To atone for this gloomy prospect, we have on every hand the promise of an abundant harvest, and a coming season of plenty; but there is room to fear that the demand for our cereal productions is increasing in a much larger ratio than the amount produced. It is true that fresh lands in the fertile West are constantly being added to the area under cultivation, and that new faculties of transporting produce to the market are continually being developed; but through immigration from Europe and exportation of food to other countries, consumers are multiplying faster than producers and productions. The tendency even of the emigration westward is to settle in towns and cities—to inhabit or found urban, rather than to populate rural localities. We hear far oftener of farmers’ sons coming to town to enter stores and offices—to become, as they think, genteel—than of denizens of urban localities betaking themselves to agricultural pursuits. There is an unhealthy love for city life and city dissipation engendered in the mind of youth, which portends ill for the due development of the unequalled agricultural resources of the country.

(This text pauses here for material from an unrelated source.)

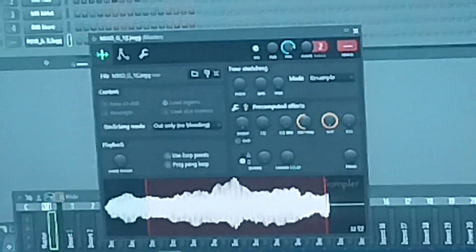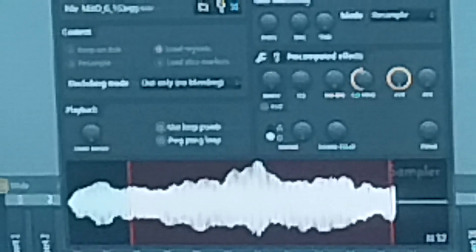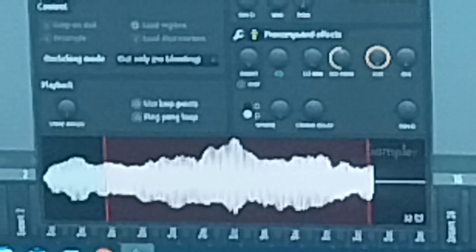Let me zoom in real quick. Before I called it the red vertical bar lines, and that's what it's really called, but I just made the title longer.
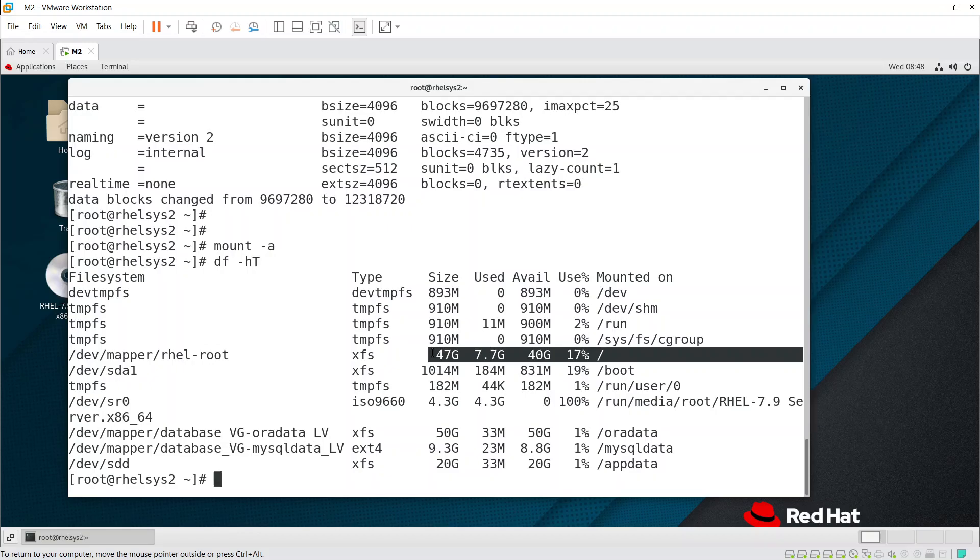That is how you can extend it. If you're not aware what is PV, VG, LV, how to extend if space is available in the VG, if space is not available, I have other separate two videos. I'll give you in this video description - you can go through it.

Then again, much of the labor of the farmers is ill directed. Pork, pork, pork, is raised, to the exclusion of other things which would both pay the farmer better, and redound more to the benefit of the community. It would be much preferable if less pork and more mutton were raised in many agricultural localities. Our farmers have never produced anything like the quantity of wool they might have raised—to say nothing of sheep being infinitely cheaper to keep than hogs, and mutton being more profitable and better to eat than pork.

If a natural and due proportion of this nation were engaged in strictly agricultural pursuits, there would be far less want and distress in our large cities than there now is. But speculation rages so wildly that comparatively few are content to abide the slow but sure returns which await the investment of their capital in the cultivation of the land. The majority prefer to seek wealth in the devious and uncertain paths of trade and commerce. And far too many are content to live by their wits—to exist and consume without producing—without adding in any way to the general wealth of the country. What a blessing would be conferred, not only on the community but on themselves, if the thousands—for they are literally thousands—of men who have practically renounced work, and live by political scheming and depleting the treasury filled by the hard-earned contributions of working men—for it is these who, in reality, pay the taxes—it would be a double blessing if all these thousands would earn an honest living by cultivating the soil and adding to the material wealth of the country, instead of preying like leeches on its vitals.